Table 1. Social characteristics of interviewees
Drug and alcohol use
Nine (53%) participants reported drug use including polydrug use. Heroin, crack cocaine and valium were the main drugs used. Seven participants were receiving opioid substitution therapy (methadone maintenance) at the time of interview. PWUD also reported consuming alcohol, but to different degrees. Three other participants reported problematic alcohol use but that they did not use drugs. Everyday routines were dominated to some degree by drug and alcohol consumption and for people who injected drugs (PWID), ways of financing their habit and preventing drug withdrawal syndrome.

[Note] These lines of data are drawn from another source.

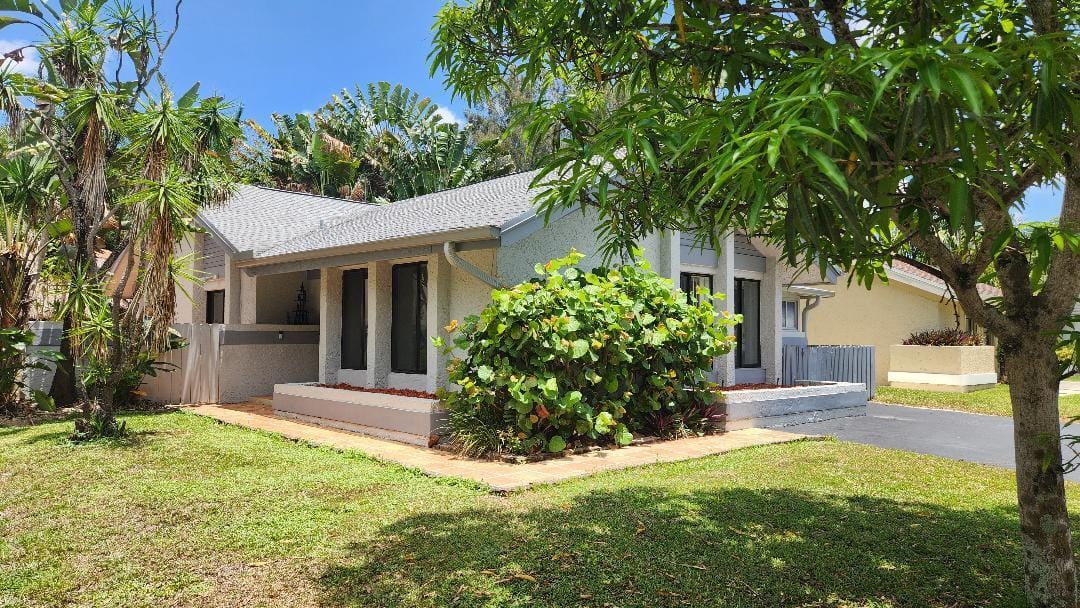 8421 SW 39TH Court — photo 3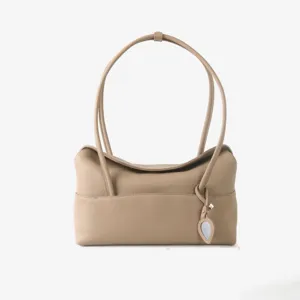 Sac à épaule souple en cuir style oreiller, grand sac fourre-tout élégant pour le quotidien.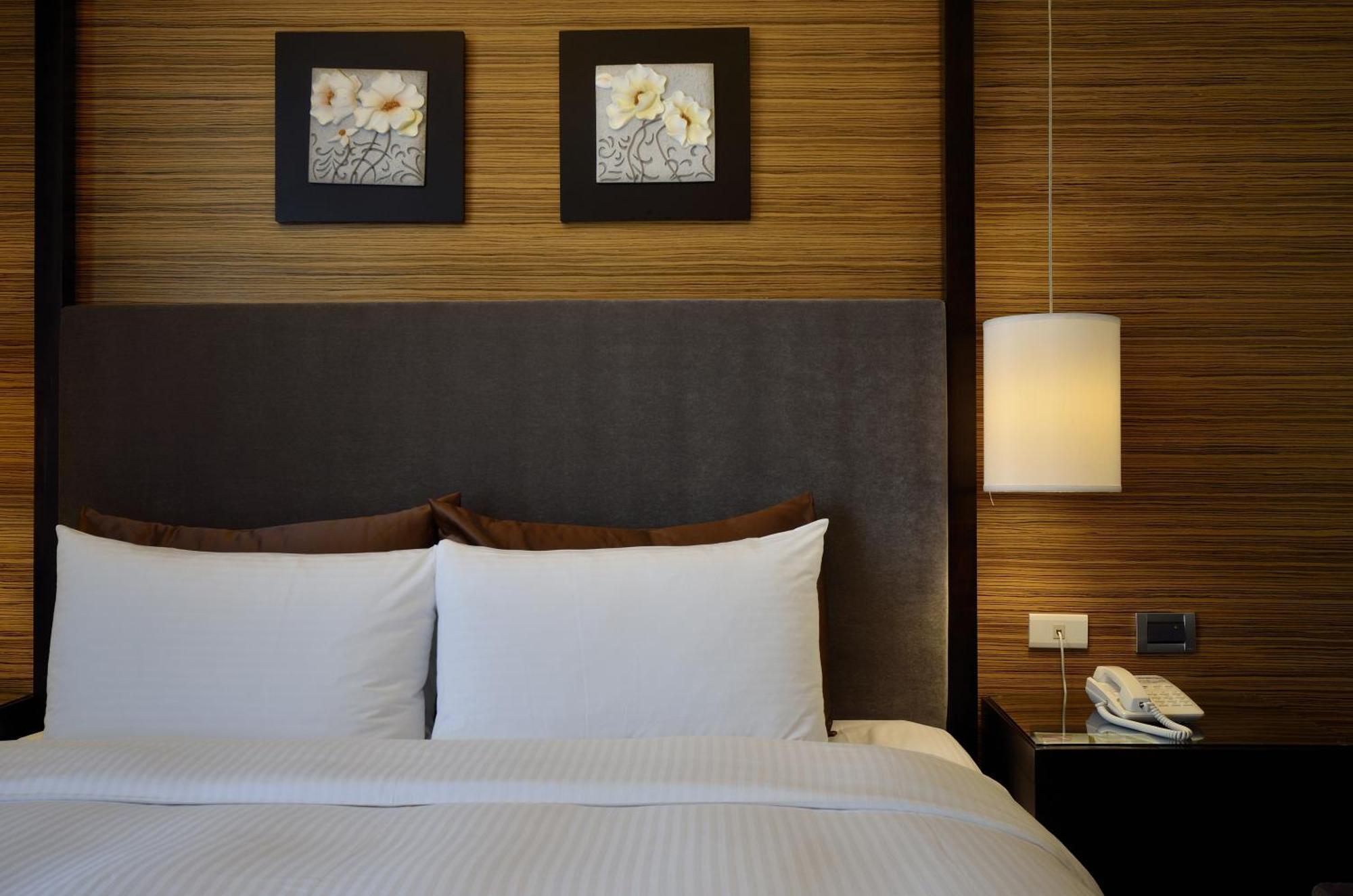 Hotel Modern Puli Quarto foto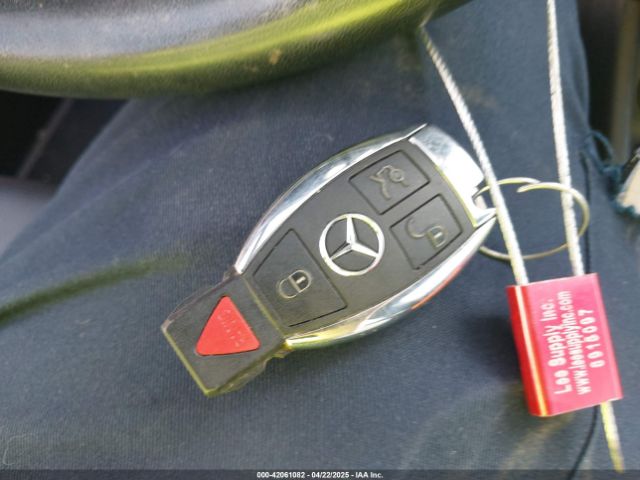 WDDSJ4GB8KN763013 Mercedes-Benz CLA 250 4MATIC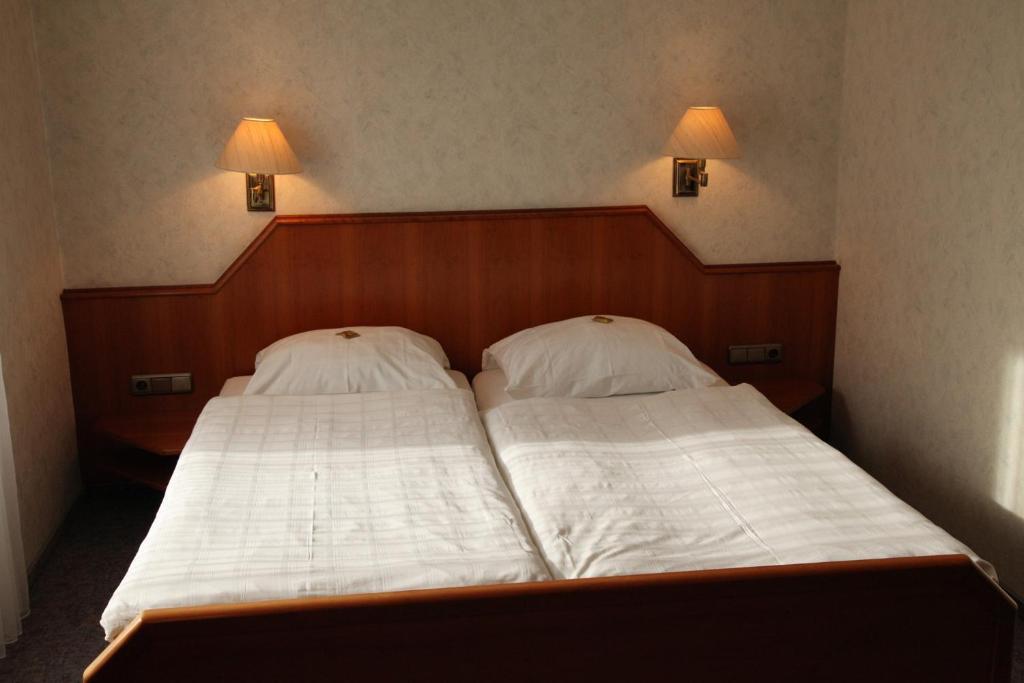 Ackfeld Hotel-Restaurant Bueren  Стая снимка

Experiences of violence and social exclusion
Many participants disclosed past experiences of violence, torture, physical and sexual abuse. Others spoke of lives dominated by a cycle of crime and drugs, including youth offending (‘I’ve been a thief even as a kid’; ‘This is all I’ve ever known, it’s all I’ve ever done, in and out of hospital using drugs’; ‘I’ve been on the streets fifteen years on and off’). Three women had been victims of crime, including sexual violence in two cases, and physical assault resulting in a miscarriage in another. Two men spent time in prison during the course of their treatment. One young female, an undocumented migrant, spoke of the physical abuse and neglect at the hands of a family member, her guardian. Another participant reported that he was born to parents who used drugs and spent his life in and out of care homes. Others had migrated and fled civil unrest in their home countries. Patients’ experiences were therefore firmly embedded within narratives of violence and exclusion  and, in some cases, illustrated the cumulative effect of disadvantage which also shaped exposure to risk and behavioural choices [15,16].
Personal accounts of health
Prior to their diagnosis of TB most interviewees described themselves as having good health with no history of illness. This mirrors the findings of survey research involving the general population . On further questioning however, interviewees disclosed other health related issues e.g. HIV, epilepsy, hypertension, diabetes, a history of gastric ulcers (see Table 1). It is likely that some participants had mental health issues arising from drug use, or psychological trauma for those coming from war zones, or depression but patients did not volunteer this information.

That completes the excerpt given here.